--- Work to be completed ---
Each line of the data must be written out again verbatim; no image belongs in the copy.

--- Data section ---
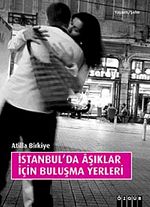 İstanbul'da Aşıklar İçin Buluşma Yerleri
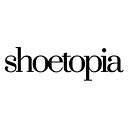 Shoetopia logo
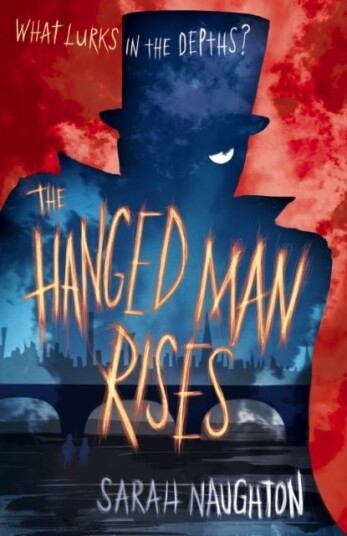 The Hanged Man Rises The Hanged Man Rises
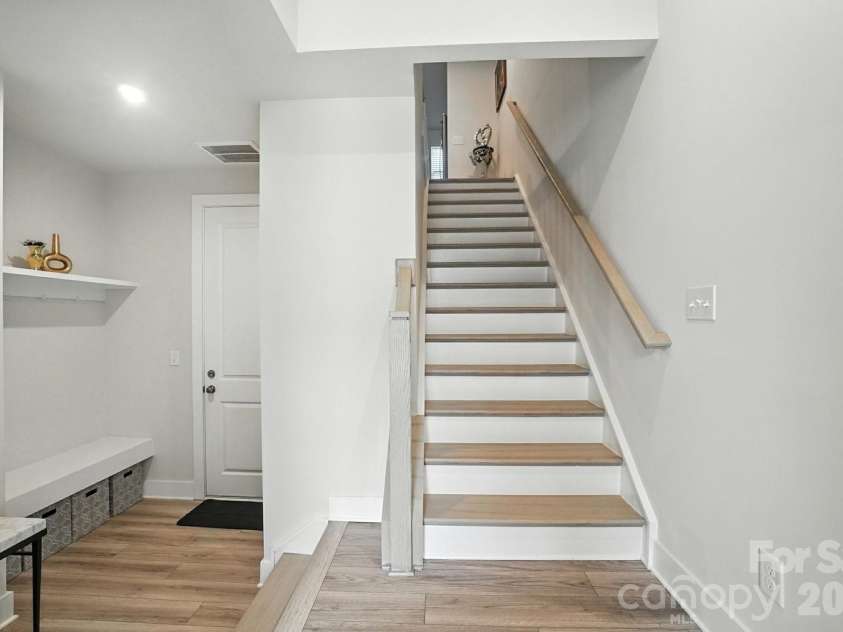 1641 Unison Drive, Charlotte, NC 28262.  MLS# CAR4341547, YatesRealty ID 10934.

--- The answer ---
 İstanbul'da Aşıklar İçin Buluşma Yerleri
 Shoetopia logo
 The Hanged Man Rises The Hanged Man Rises
 1641 Unison Drive, Charlotte, NC 28262.  MLS# CAR4341547, YatesRealty ID 10934.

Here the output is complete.